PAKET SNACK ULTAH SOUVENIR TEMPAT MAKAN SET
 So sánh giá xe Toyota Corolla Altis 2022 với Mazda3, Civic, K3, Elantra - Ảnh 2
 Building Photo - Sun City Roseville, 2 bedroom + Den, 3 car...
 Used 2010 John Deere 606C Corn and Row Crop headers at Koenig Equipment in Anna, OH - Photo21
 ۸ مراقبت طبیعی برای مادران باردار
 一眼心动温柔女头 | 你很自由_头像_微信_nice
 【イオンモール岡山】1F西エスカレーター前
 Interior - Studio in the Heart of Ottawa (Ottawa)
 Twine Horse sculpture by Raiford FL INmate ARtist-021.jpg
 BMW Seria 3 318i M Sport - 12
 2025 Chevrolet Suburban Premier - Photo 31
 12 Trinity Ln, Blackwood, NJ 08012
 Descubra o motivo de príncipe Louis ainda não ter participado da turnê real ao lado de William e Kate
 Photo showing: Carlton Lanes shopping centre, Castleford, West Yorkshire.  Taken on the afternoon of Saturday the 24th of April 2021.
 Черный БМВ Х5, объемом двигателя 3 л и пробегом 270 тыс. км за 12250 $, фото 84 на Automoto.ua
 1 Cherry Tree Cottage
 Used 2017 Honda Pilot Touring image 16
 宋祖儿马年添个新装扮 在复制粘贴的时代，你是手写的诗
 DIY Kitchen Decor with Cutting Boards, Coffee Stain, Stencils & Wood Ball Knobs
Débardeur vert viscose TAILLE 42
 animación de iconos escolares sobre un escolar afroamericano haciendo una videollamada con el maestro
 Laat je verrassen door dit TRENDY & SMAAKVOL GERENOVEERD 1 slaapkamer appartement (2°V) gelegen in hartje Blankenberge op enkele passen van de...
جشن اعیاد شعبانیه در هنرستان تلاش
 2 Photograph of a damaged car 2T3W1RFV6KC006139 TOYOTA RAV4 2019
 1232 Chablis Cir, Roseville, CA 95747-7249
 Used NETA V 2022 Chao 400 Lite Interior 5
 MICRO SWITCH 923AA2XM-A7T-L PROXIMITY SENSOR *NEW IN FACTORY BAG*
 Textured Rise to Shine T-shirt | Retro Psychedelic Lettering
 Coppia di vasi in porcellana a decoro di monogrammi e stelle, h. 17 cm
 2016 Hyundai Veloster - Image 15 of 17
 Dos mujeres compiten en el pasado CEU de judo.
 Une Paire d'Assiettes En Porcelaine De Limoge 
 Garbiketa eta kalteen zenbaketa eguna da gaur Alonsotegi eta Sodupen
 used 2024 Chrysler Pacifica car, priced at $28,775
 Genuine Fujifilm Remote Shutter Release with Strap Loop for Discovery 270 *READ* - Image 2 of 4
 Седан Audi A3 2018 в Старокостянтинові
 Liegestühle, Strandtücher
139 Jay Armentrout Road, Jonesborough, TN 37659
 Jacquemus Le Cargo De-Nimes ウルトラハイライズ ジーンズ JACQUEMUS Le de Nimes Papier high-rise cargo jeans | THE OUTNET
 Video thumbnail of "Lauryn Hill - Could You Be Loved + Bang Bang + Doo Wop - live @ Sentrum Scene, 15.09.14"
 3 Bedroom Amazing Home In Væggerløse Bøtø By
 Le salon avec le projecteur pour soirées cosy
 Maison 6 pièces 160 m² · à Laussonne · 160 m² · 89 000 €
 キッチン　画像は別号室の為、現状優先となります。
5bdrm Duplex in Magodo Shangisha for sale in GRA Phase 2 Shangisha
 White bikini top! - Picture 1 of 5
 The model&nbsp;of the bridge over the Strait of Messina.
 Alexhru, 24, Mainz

▬▬▬▬▬▬

## Required action
Return exactly, please, the lines of the material from the first one down to and including the line where "MICRO SWITCH 923AA2XM-A7T-L" appears.

## Solution
PAKET SNACK ULTAH SOUVENIR TEMPAT MAKAN SET
 So sánh giá xe Toyota Corolla Altis 2022 với Mazda3, Civic, K3, Elantra - Ảnh 2
 Building Photo - Sun City Roseville, 2 bedroom + Den, 3 car...
 Used 2010 John Deere 606C Corn and Row Crop headers at Koenig Equipment in Anna, OH - Photo21
 ۸ مراقبت طبیعی برای مادران باردار
 一眼心动温柔女头 | 你很自由_头像_微信_nice
 【イオンモール岡山】1F西エスカレーター前
 Interior - Studio in the Heart of Ottawa (Ottawa)
 Twine Horse sculpture by Raiford FL INmate ARtist-021.jpg
 BMW Seria 3 318i M Sport - 12
 2025 Chevrolet Suburban Premier - Photo 31
 12 Trinity Ln, Blackwood, NJ 08012
 Descubra o motivo de príncipe Louis ainda não ter participado da turnê real ao lado de William e Kate
 Photo showing: Carlton Lanes shopping centre, Castleford, West Yorkshire.  Taken on the afternoon of Saturday the 24th of April 2021.
 Черный БМВ Х5, объемом двигателя 3 л и пробегом 270 тыс. км за 12250 $, фото 84 на Automoto.ua
 1 Cherry Tree Cottage
 Used 2017 Honda Pilot Touring image 16
 宋祖儿马年添个新装扮 在复制粘贴的时代，你是手写的诗
 DIY Kitchen Decor with Cutting Boards, Coffee Stain, Stencils & Wood Ball Knobs
Débardeur vert viscose TAILLE 42
 animación de iconos escolares sobre un escolar afroamericano haciendo una videollamada con el maestro
 Laat je verrassen door dit TRENDY & SMAAKVOL GERENOVEERD 1 slaapkamer appartement (2°V) gelegen in hartje Blankenberge op enkele passen van de...
جشن اعیاد شعبانیه در هنرستان تلاش
 2 Photograph of a damaged car 2T3W1RFV6KC006139 TOYOTA RAV4 2019
 1232 Chablis Cir, Roseville, CA 95747-7249
 Used NETA V 2022 Chao 400 Lite Interior 5
 MICRO SWITCH 923AA2XM-A7T-L PROXIMITY SENSOR *NEW IN FACTORY BAG*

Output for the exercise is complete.